Sunday Office of Readings Odd Week diurno

"Diurno" is from the instruction in the Liturgia Horarum which reads: Quando Officium lectionis dicitur diurno tempore. "When the Office of Readings is said during the daytime." For the last two weeks, I have been translating the hymns which were designated Quando Officium lectionis dicitur noctu vel summo mane. "When the Office of Readings is said during the night or early morning." Traditionally, Matins, the office which became the Office of Readings, was always said during the night or early morning. The Second Vatican Council changed this in recognition of the fact that clergy in the 20th century (and beyond) were not required to live the same schedule as monks, who often went to bed at 7pm and rose at 3am. The Council Fathers also wanted to encourage lay people to pray the Liturgy of the Hours as well.

Regular readers of this blog will remember that most of the hymns I have been translating the last two weeks have had a noctural theme or at least written with the idea that the singers of the hymn would be singing in the middle of the night Apparently the Council Fathers envisioned that the Office formerly known as Matins would be able to be said at any other hour of the day, hence another set of hymns is needed. Fr. Anselmo Lentini, the editor of the Liber Hymnarius put together fourteen more hymns (two weeks' worth) in addition to the fourteen I've just translated. I am anxious to look at the character of these hymns.

Here is the first:
Memorial of the Resurrection

Dies ætásque céteris
Over days and other ages
octáva splendet sánctior
the eighth shines out more sacred
in te quam, Iesu, cónsecras,
which, Jesus, Thou consecratest for Thyself,
primítiæ surgéntium.
the first fruits of those who rise(from the dead).

Tu tibi nostras ánimas
Thou to Thee our souls
nunc primo conresúscita;
now first raise together from the dead;
tibi consúrgant córpora
may our bodies rise up also to Thee
secúnda morte líbera.
free from the second death.

Tibíque mox in núbibus,
To Thee also soon in the clouds,
Christe, ferámur óbviam
O Christ, let us be borne on the way
tecum victúri pérpetim:
to be conquering with Thee continually:
tu vita, resurréctio.
Thou our life, our resurrection.

Cuius vidéntes fáciem,
Thou whose face we will be seeing,
configurémur glóriæ;
may we be shaped into that glory;
te cognoscámus sicut es,
may we come to know Thee as Thou art,
lux vera et suávitas.
true Light and Sweetness.

Regnum, cum Patri tráditos,
Thy kingdom, when you deliver us to the Father,
plenos septéno chrísmate,
filled with the seven-fold annointing,
in temet nos lætíficas,
fill us with the joy that is Thee Thyself,
consúmmet Sancta Trínitas. Amen.
may the Holy Trinity bring it (Thy kingdom) to perfection.

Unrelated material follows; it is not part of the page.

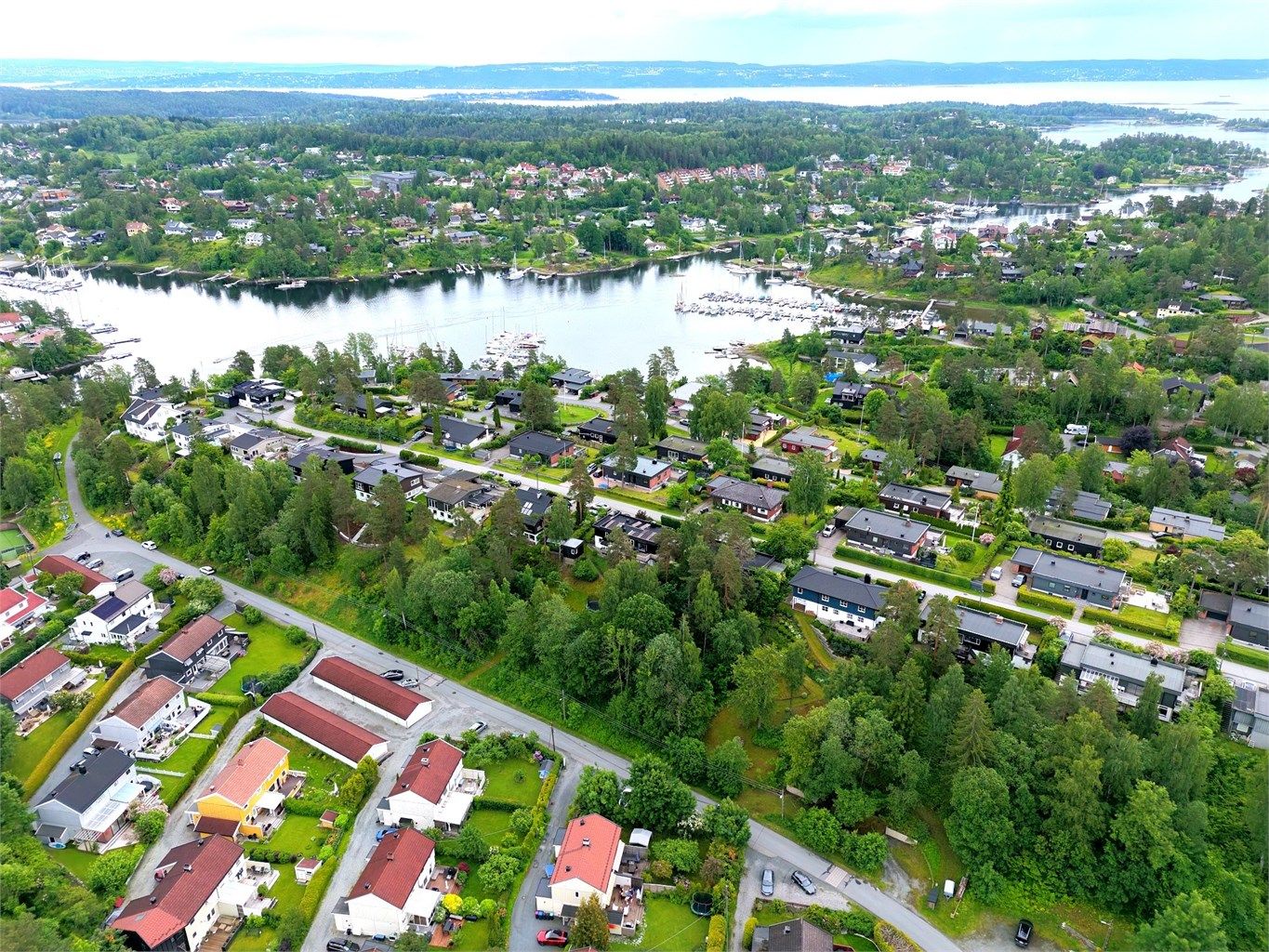 Solrikt og meget barnevennlig beliggende i et rolig og attraktivt boligområde på Nesbru/ Mellom-Nes i Asker. Boligen har en flott beliggenhet, stille og usjenert i blindvei. Hyggelige omgivelser med nærhet til sjøen. Foto: selger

This hymn is by a certain Aron of the twelfth century, not well identified. The hymn "concludes a cycle, in which every day one of the gifts of the Holy Spirit is celebrated." I wonder whether we will get to see any of the other hymns in the cycle.

It seems to me excellently suited to Sunday, with its resurrection theme. If you look at the noctu hymn for today (found here), you will see that it starts out calling Sunday the "first of all days," whereas this hymn refers to Sunday as the "eighth day." Fr. Z at wdtprs speaks eloquently both in blog entries and in podcasts about octaves being days when time itself is suspended to celebrate a major feast like the Resurrection, the birth of Christ and (until the Council) the Descent of the Holy Spirit at Pentecost. Seen in this light, there is no confusion: Sunday is both the first day and the eighth day.


Figulus said...

"Dies" and "aetas" are nominative, so they form the subject of the sentence and are both modified by the adjective "octava". "The eighth day, and the eighth age, shine more sacred than the rest". The eighth age is a reference Saint Augustine's mapping of the seven ages of the world to the seven days of the week.

Also, I think you meant "consecratest", rather than "consecrates". Likewise, I think you meant "thou" rather than "you" in the last verse.

Geometricus said...

Wow, I didn't know that about St. Augustine. That's really cool. I wonder which "day" = age we are in now.

I often waver on "Thee" and "Thou" because the need to add "est" on all their verbs sometimes is a bit much for me. But you're right, I should either do it or not.

Figulus said...

I can only speculate about which age we are currently in, but based on Wikipedia's article "Six ages of the world" (which, sadly, I am more familiar with than Augustine's own writings), I would guess we are in the 6th age, the Friday age. The death of the world will be the Saturday age, or 7th age. The new heavens and the new earth shall be the first age (day) of the next world (week), or the 8th age (day).

But I must confess that little of this is very clear to me.